Ook vanuit de basisschool heb je een app, met dagelijks extra taken voor de ouder: wil je een schoen meegeven, wil je rijden maandagmiddag om half 3 naar de bibliotheek, kom kijken op de kijkmiddag donderdagmiddag kwart voor 3, je mag kind verkleed, vergeet de boekentas niet, geef een plastic tas mee, we sparen voor Americaspullen voor het thema. Enzovoort enzovoort.

Dan heb je nog sport, met appgroepen. Haal een bal op, verkoop lootjes. Kom kijken naar de wedstrijd, enzovoort enzovoort.

Bij alles wat je kinderen doen, komen er taken en opdrachten voor de ouders bij. Ook ik heb geen tijd meer om te werken, omdat ik alleen maar bezig ben met taken uit te voeren voor de bezigheden van de kinderen.

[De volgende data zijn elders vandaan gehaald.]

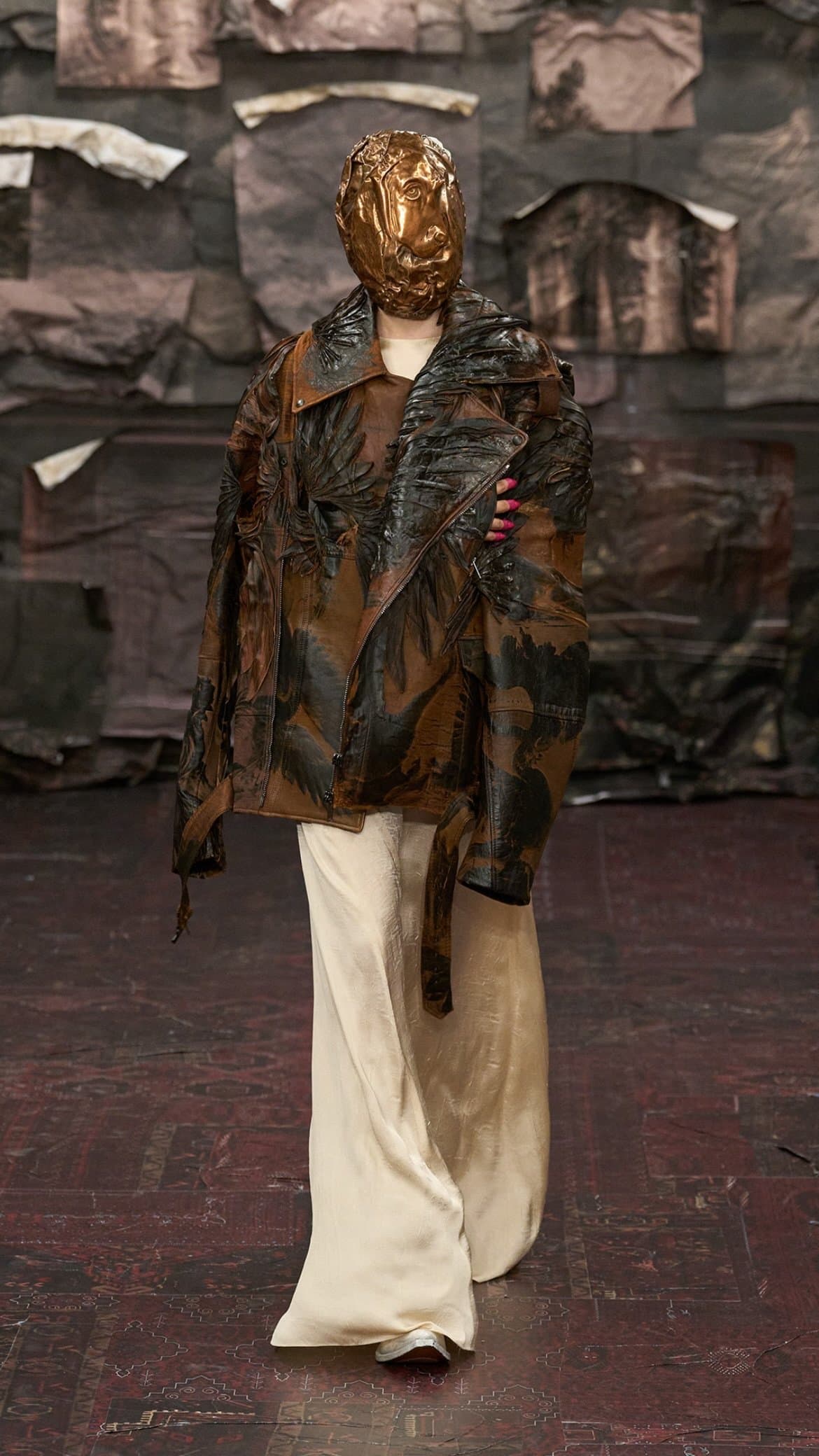Распад и разложение: дебютная коллекция Гленна Мартенса для Maison Margiela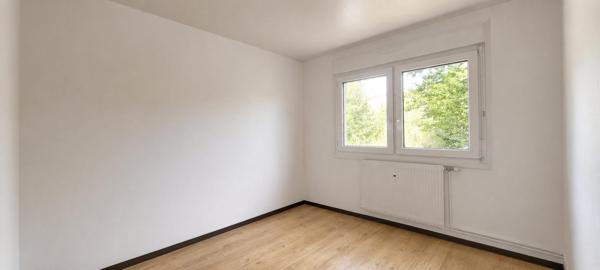 À vendre Appartement 4 pièces 73.69 m² - Saint-dié-des-vosges 88100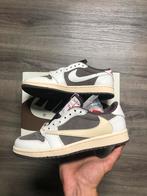 Nike Air Jordan 1 Low X Travis Scott Reverse Mocha size 40.5, Bruin, Nike, Nieuw, Ophalen of Verzenden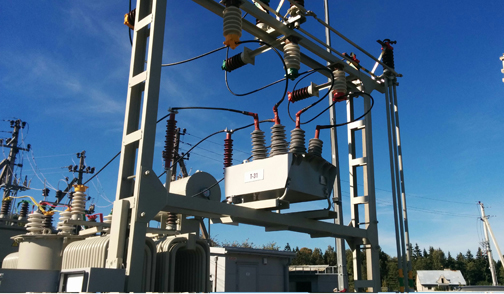 reconectador OSM38 instalación de la subestación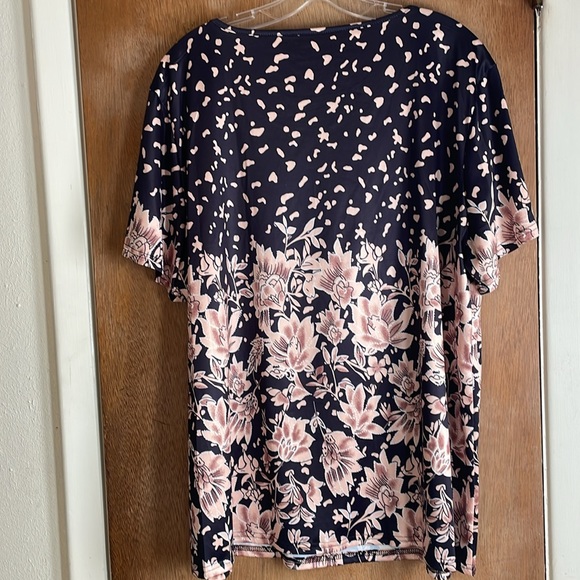 NWOT Sz 2XL Plus Top Comfortable Pull Over Head Feminine Pattern - Picture 2 of 5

Ik weet niet of de jongere generaties onder mij ook op dezelfde manier maar dan anders met zulke dingen te maken hebben, maar als dat zo is, zal ik mijn besmuikte lachjes terugnemen.

Zondagsrust

Wat ben ik toch blij met een afgebakende dag in de week waarop er niets gedaan hoeft te worden waar ik niet zelf voor kies.

Wat heerlijk dat we op zondag nee kunnen zeggen tegen alle ‘leuke’ initiatieven, uitjes en activiteiten.

Het is goed om elke zondag weer in de kerk te zitten, jezelf even aan de kant te zetten, en je te richten op iets buiten jezelf en de wereld.

Toch leuk dat je elke zondag weer met je familie in een kringetje om elkaar heen zit en een beetje verhalen deelt over je week en leven.

Het is mooi dat er een rustdag bestaat.

Osteruurtje

Al eens gehoord van het osteruurtje? Ik hoorde van dit woord in een podcast die ik sinds kort met veel plezier luister (Aaf en Lies lossen het op).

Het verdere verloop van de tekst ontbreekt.